Dartmouth Health is tightening its grip on care across New Hampshire and Vermont, aiming to make specialty visits and home care less of a road trip for small-town patients. The Lebanon-based academic system has signed a letter of intent to bring Littleton Regional Healthcare into its network and has rebranded its longtime Visiting Nurse service as Dartmouth Health Home Care. System leaders say those moves, paired with new digital tools and a centralized capacity center, are designed to cut travel time and keep more care close to home for rural communities.

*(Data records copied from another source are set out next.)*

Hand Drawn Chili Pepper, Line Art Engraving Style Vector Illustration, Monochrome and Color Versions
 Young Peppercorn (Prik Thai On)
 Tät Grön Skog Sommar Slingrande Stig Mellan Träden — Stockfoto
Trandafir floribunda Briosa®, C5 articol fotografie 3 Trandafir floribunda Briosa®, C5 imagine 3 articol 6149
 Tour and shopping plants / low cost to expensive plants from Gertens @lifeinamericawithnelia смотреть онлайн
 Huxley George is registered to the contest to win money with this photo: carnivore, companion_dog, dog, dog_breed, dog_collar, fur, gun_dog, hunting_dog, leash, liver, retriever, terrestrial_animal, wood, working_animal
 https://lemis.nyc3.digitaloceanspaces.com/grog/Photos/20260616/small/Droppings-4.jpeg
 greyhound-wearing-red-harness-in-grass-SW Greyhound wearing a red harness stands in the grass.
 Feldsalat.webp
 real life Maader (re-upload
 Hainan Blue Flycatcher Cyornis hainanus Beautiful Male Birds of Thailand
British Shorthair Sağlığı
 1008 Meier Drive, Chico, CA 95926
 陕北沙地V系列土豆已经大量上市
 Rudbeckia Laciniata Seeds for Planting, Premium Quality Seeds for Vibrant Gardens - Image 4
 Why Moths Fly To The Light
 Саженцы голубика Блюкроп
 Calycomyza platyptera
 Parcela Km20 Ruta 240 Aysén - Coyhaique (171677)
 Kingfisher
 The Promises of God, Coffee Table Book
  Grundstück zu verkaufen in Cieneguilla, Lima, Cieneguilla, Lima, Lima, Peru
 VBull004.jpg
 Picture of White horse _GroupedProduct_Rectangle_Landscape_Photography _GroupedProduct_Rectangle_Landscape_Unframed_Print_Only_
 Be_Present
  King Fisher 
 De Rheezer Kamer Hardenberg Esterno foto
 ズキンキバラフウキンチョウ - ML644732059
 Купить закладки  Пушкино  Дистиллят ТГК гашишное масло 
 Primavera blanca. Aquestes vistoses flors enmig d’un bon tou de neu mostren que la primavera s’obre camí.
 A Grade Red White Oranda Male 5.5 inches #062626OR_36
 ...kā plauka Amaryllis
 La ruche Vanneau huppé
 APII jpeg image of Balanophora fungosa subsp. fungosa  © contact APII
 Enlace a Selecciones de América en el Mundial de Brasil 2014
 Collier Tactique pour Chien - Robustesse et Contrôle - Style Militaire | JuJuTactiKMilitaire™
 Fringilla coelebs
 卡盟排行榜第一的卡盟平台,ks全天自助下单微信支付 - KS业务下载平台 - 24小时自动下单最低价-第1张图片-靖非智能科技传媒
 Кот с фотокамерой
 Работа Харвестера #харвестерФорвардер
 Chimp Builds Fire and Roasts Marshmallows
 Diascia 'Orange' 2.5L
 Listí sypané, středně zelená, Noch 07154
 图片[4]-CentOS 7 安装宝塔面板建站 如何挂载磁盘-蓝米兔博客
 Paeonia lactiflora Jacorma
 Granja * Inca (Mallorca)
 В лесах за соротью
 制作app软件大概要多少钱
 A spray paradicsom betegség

Littleton Deal And What It Means
Littleton Regional Healthcare, a 25-bed critical-access hospital in the White Mountains, announced on Sept. 12 that its board chose Dartmouth Health as a preferred partner and signed a nonbinding letter of intent to pursue full membership, according to Littleton Regional Healthcare. The agreement starts a period of due diligence and will be reviewed by the New Hampshire Attorney General’s Office, per reporting by New Hampshire Public Radio. LRH leaders say the affiliation is meant to preserve local programs while opening the door to Dartmouth’s specialty services and broader system resources.
Rebrand Brings Home Care Into The Fold
In March, Dartmouth Health formally rebranded Visiting Nurse and Hospice for Vermont and New Hampshire as Dartmouth Health Home Care, folding nearly 120 years of community nursing into the academic system. Dartmouth Health said the rebrand gives patients fuller access to in-home nursing, hospice, rehabilitation and system specialty resources across more than 140 towns and is intended to reduce unnecessary hospital stays. Dartmouth Health framed the change as a way to better integrate home care with the rest of its services.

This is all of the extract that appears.